By Julia Payne and Alan Charlish Reuters
Poland, Slovakia and Hungary announced their own restrictions on Ukrainian grain imports on Friday after the European Commission decided not to extend its ban on imports into Ukraine’s five EU neighbours.
Ukraine was one of the world’s top grain exporters before Russia’s 2022 invasion reduced its ability to ship agricultural produce to global markets. Ukrainian farmers have relied on grain exports through neighbouring countries since the conflict began as it has been unable to use the favoured routes through Black Sea ports.
But the flood of grains and oilseeds into neighbouring countries reduced prices there, impacting the income of local farmers and resulting in governments banning agricultural imports from Ukraine. The European Union in May stepped in to prevent individual countries imposing unilateral bans and imposed its own ban on imports into neighbouring countries. Under the EU ban, Ukraine was allowed to export through those countries on condition the produce was sold elsewhere.
The EU allowed that ban to expire on Friday after Ukraine pledged to take measures to tighten control of exports to neighbouring countries. The issue is a particularly sensitive one now as farmers harvest their crops and prepare to sell.
EU Trade Commissioner Valdis Dombrovskis said on Friday countries should refrain from unilateral measures against imports of Ukrainian grain, but Poland, Slovakia and Hungary immediately responded by reimposing their own restrictions on Ukrainian grain imports. They will continue to allow the transit of Ukrainian produce.
“As long as Ukraine is able to certify that the grain is going to get to the country of destination, through the trucks and trains, the domestic use ban is not really going to put a dent in Ukraine’s ability to get exports out,” said Terry Reilly, senior agricultural strategist for Marex.

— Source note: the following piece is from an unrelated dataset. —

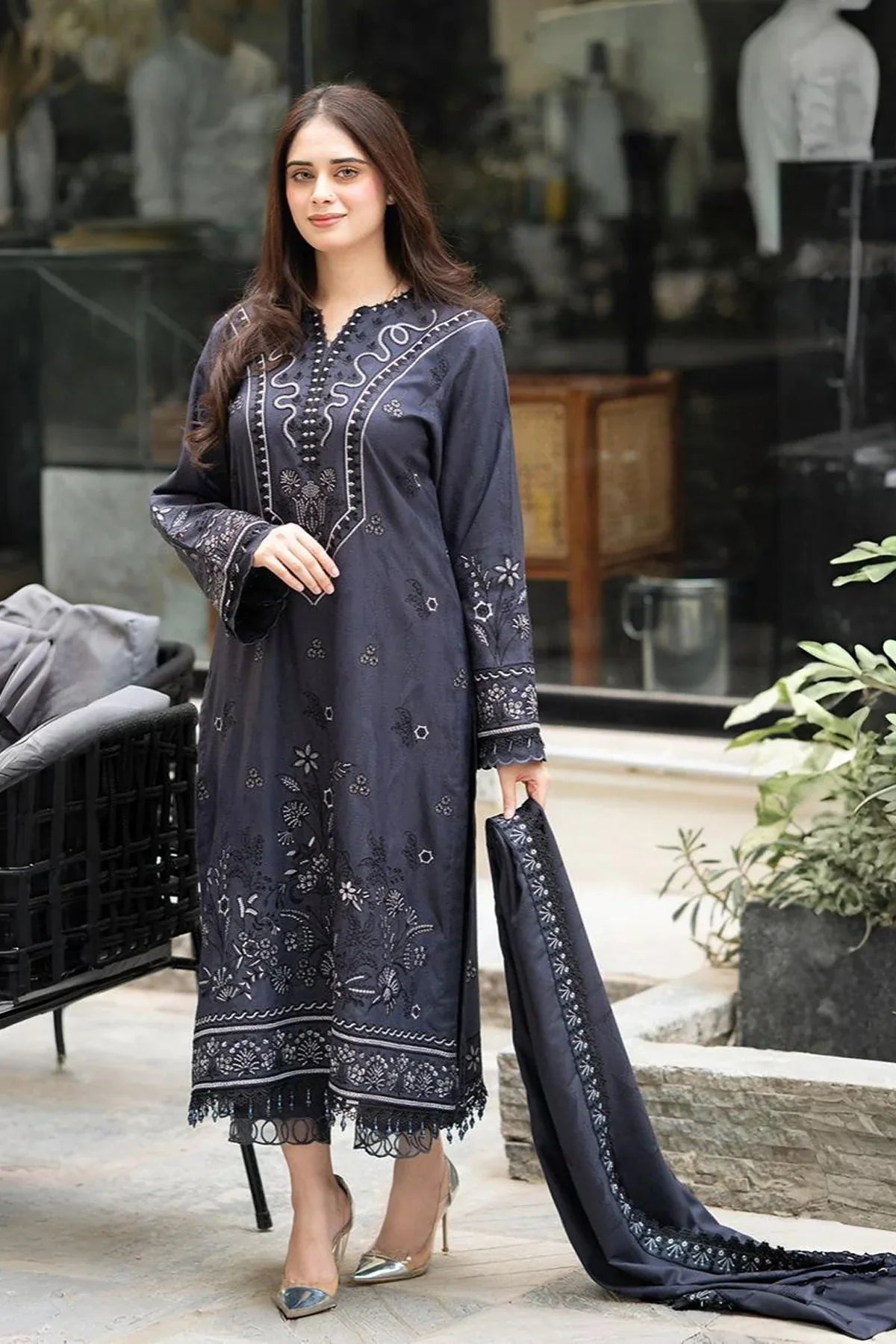 Rp3382 -Libass - Winter 3PC Dhanak Embroidered Suit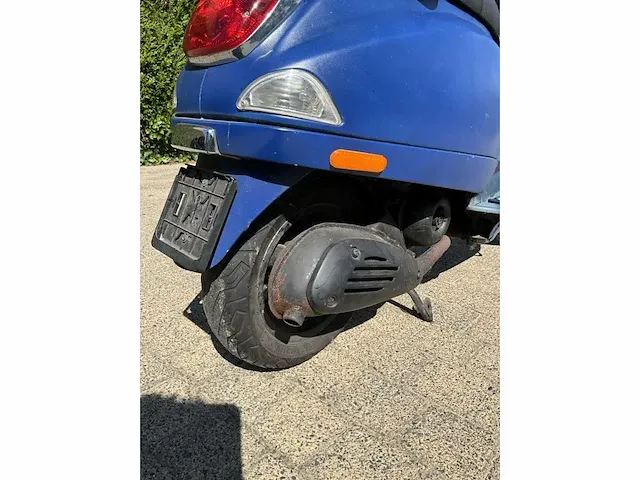 2009 piaggio vespa 50cc scooter - afbeelding 3 van  22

He noted that disruptions to Black Sea exports are a bigger concern.
It is unclear how much Ukraine has pledged to restrict exports or how the new bans would impact the flow of produce from Ukraine. The issue has underscored division the EU over the impact of the war in Ukraine on the economies of member countries which themselves have powerful agriculture and farming lobbies.
Ukrainian President Volodymyr Zelenskiy welcomed the EU’s decision not to further extend the ban on Kyiv’s grain exports, but said his government would react “in civilised fashion” if EU member states broke EU rules.
But the three countries argue their actions are in the interests of their economies.
“The ban covers four cereals, but also at my request, at the request of farmers, the ban has been extended to include meals from these cereals: corn, wheat, rapeseed, so that these products also do not affect the Polish market,” Polish Agriculture Minister Robert Telus said in a statement posted on Facebook.
“We will extend this ban despite their disagreement, despite the European Commission’s disagreement,” added Polish PM Mateusz Morawiecki. “We will do it because it is in the interest of the Polish farmer.”
Hungary imposed a national import ban on 24 Ukrainian agricultural products, including grains, vegetables, several meat products and honey, according to a government decree published on Friday.
Slovakia’s agriculture minister followed suit announcing its own grain ban. All three bans only apply to domestic imports and do not affect transit to onward markets.
The EU created alternative land routes, so-called Solidarity Lanes, for Ukraine to use to export its grains and oilseeds after Russia backed out of a U.N.-brokered Black Sea grain deal in July that allowed safe passage for the cargo ships.
The EU Commission said existing measures would expire as originally planned on Friday after Ukraine agreed to introduce measures such as an export licensing system within 30 days
The EU said there was no reason to prolong the ban because the distortions in supply that led to the ban in May had disappeared from the market.
The EU said it would not impose restrictions as long as Ukraine exercises effective export controls.
Farmers in the five countries neighbouring Ukraine have repeatedly complained about a product glut hitting their domestic prices and pushing them towards bankruptcy.
The countries, except Bulgaria, had been pushing for an extension of the EU ban. Bulgaria on Thursday voted to scrap the curbs.
Romania’s government, which unlike its peers did not issue a unilateral ban before May, said on Friday it “regretted that a European solution to extend the ban could not be found.”
Romania said it would wait for Ukraine to present its plan to prevent a surge of exports before deciding how to protect Romanian farmers.
Romania sees over 60% of the alternate flows pass through its territory mainly via the Danube river and its farmers have threatened protests if the ban is not extended.
For the last year, Ukraine had moved 60% of its exports through the Solidarity Lanes and 40% via the Black Sea through a U.N. brokered deal that fell apart in July.
In August, about 4 million tonnes of Ukraine grains passed through the Solidarity Lanes of which close to 2.7 million tonnes were through the Danube. The Commission wants to increase exports through Romania further but the plan has been complicated by Russian drone attacks on Ukraine’s grain infrastructure along the Danube and near the Romanian border.